Captioned web images
········

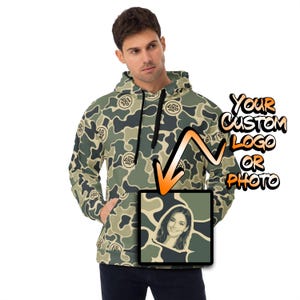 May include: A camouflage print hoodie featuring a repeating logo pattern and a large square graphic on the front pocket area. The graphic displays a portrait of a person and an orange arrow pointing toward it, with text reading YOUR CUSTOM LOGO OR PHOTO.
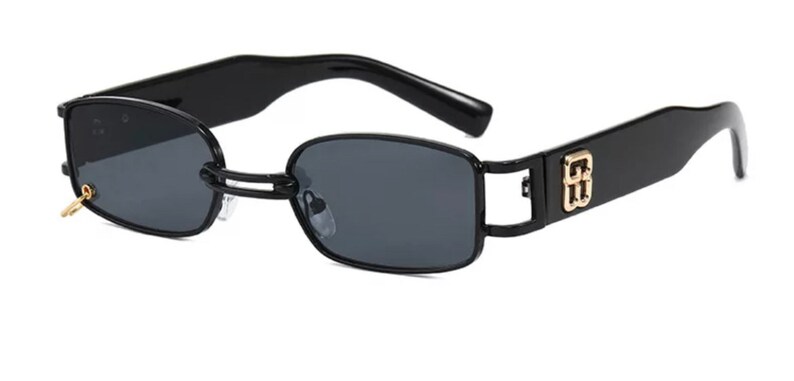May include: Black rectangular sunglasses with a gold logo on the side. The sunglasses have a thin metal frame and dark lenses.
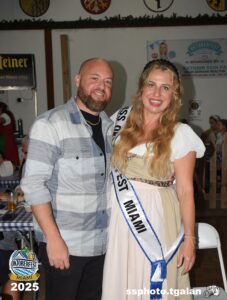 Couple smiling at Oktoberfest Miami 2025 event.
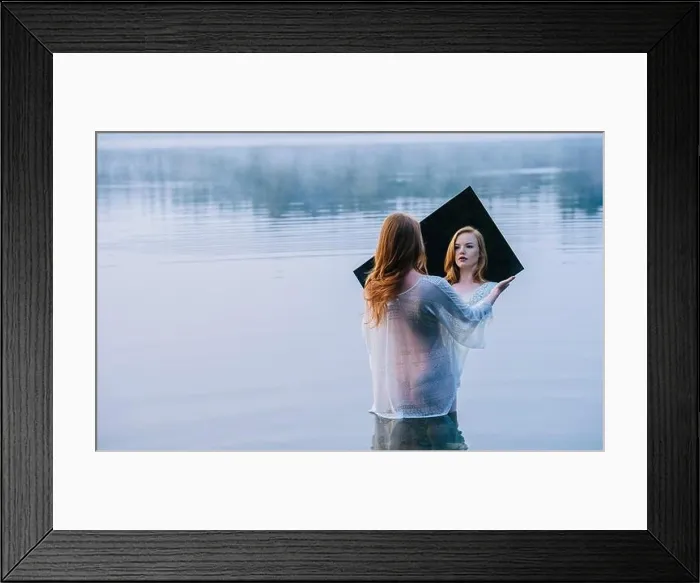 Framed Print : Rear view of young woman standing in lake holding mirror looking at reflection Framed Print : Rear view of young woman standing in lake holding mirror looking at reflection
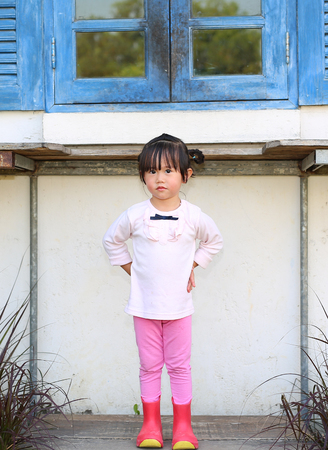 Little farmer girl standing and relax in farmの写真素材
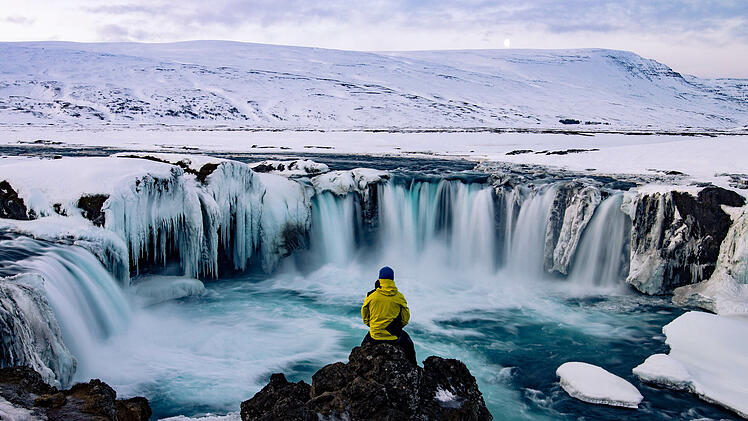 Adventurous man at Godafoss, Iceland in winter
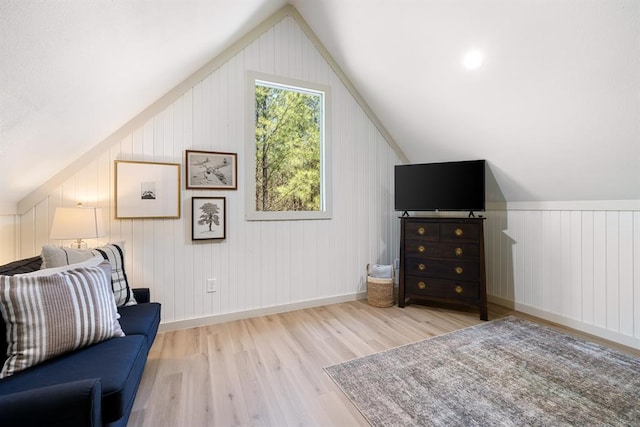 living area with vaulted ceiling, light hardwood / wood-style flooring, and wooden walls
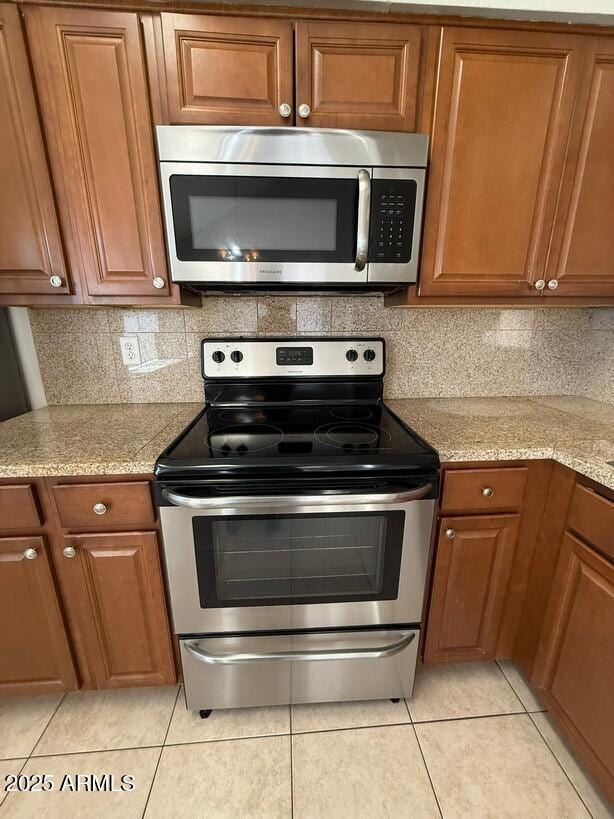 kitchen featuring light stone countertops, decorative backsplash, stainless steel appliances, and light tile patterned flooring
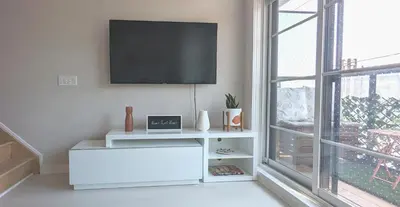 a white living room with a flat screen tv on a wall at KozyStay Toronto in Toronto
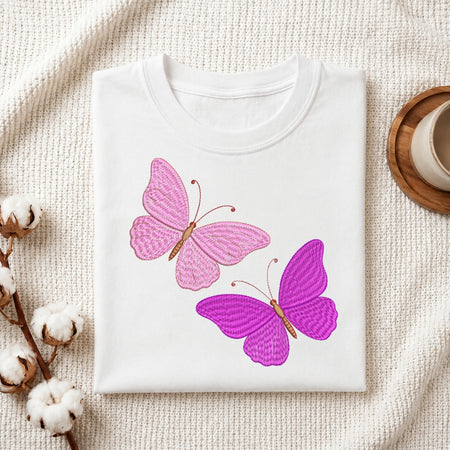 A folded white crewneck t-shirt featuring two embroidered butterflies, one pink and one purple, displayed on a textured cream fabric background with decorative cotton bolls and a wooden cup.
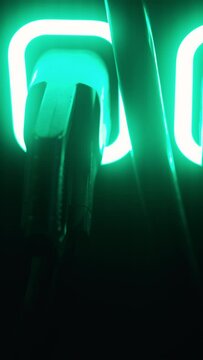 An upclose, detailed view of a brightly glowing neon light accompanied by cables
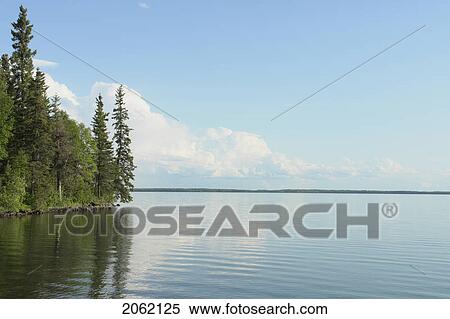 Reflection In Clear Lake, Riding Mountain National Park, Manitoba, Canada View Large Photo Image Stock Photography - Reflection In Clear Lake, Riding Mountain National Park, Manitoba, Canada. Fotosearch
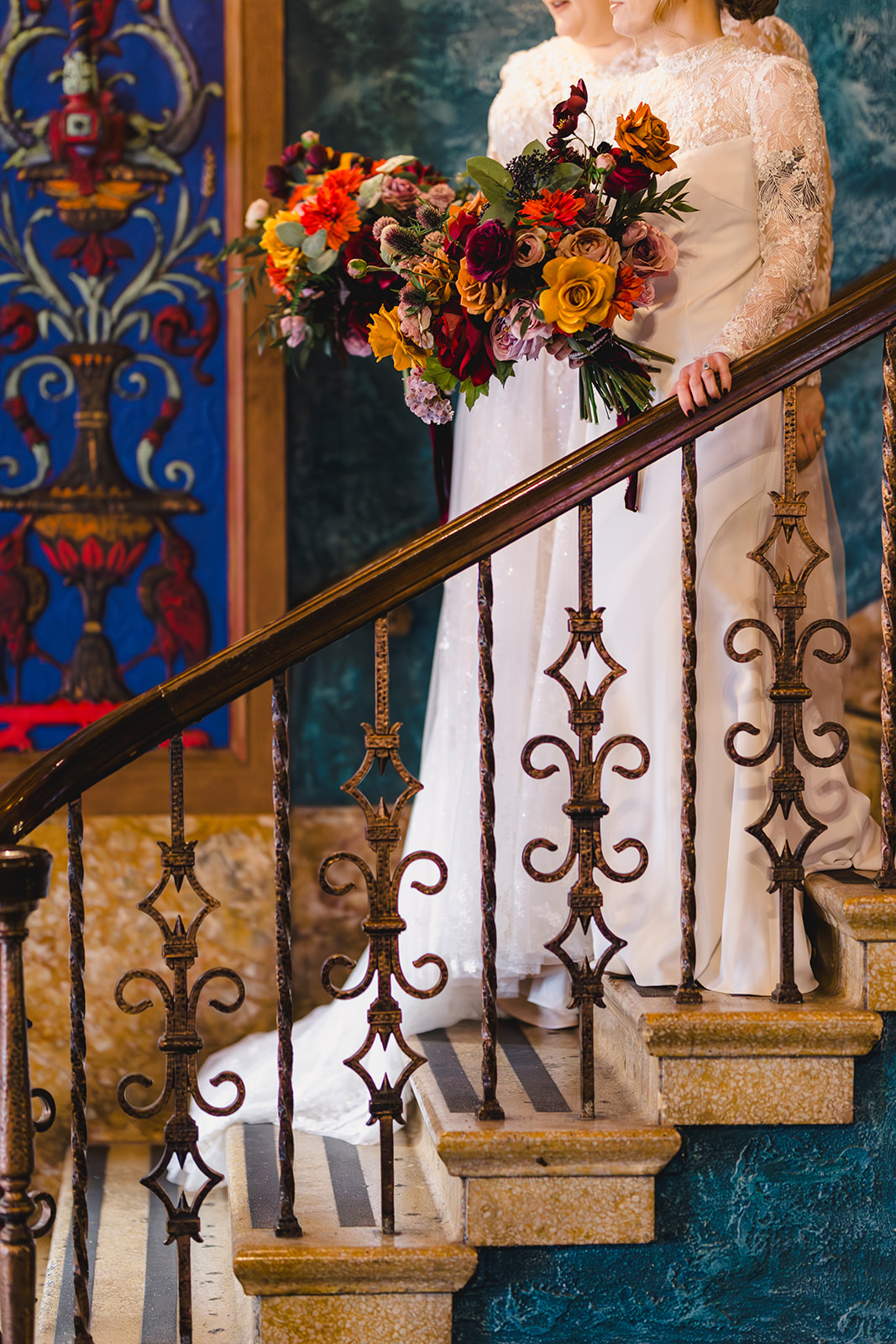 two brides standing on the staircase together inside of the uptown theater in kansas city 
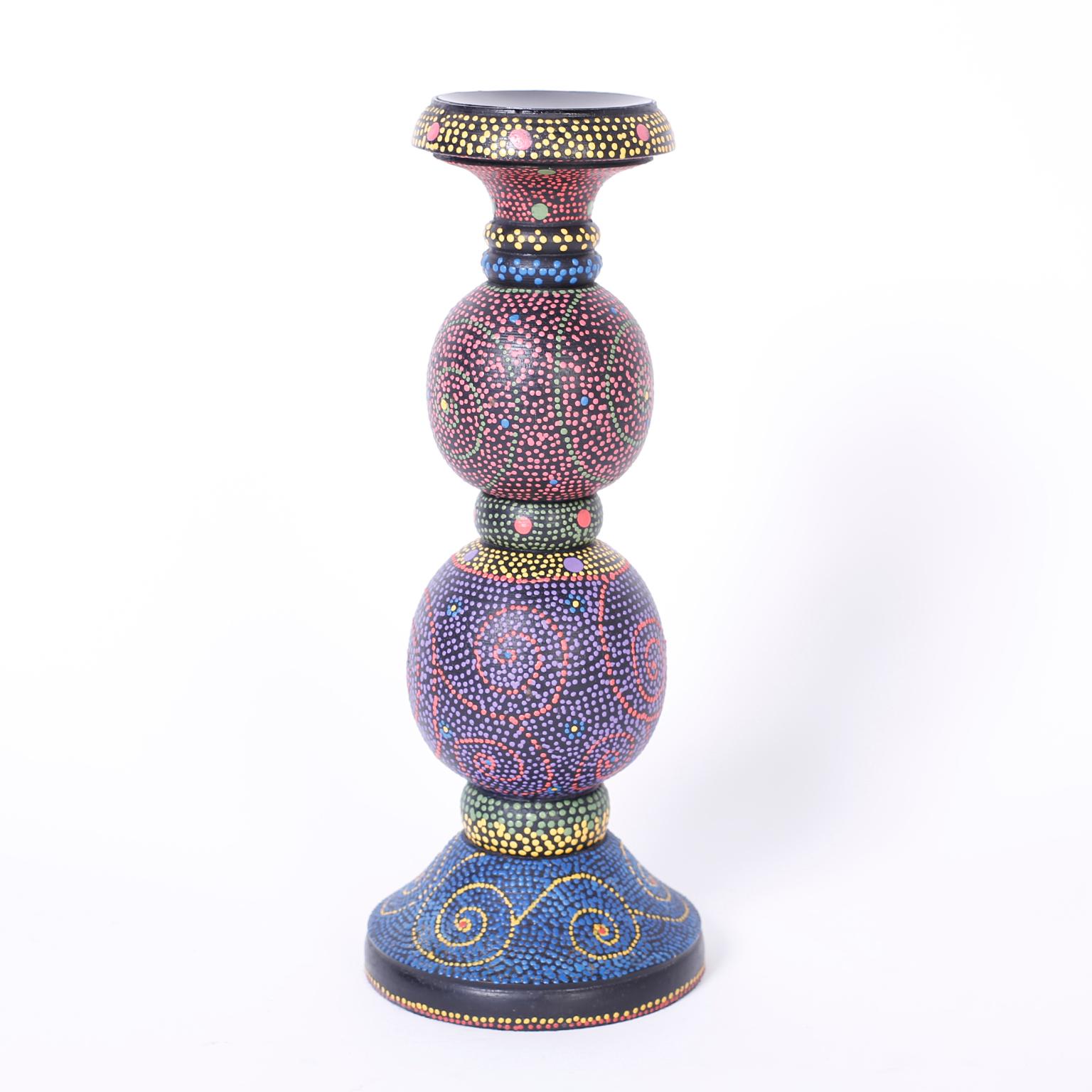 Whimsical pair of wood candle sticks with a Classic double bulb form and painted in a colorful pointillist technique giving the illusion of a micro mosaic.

········

## Your instructions
Working from the data above, repeat exactly, and only, the lines that begin at the line containing "Couple smiling at" and stop after the line containing "at reflection Framed"; pictures are not copied.

## Exercise solution
 Couple smiling at Oktoberfest Miami 2025 event.
 Framed Print : Rear view of young woman standing in lake holding mirror looking at reflection Framed Print : Rear view of young woman standing in lake holding mirror looking at reflection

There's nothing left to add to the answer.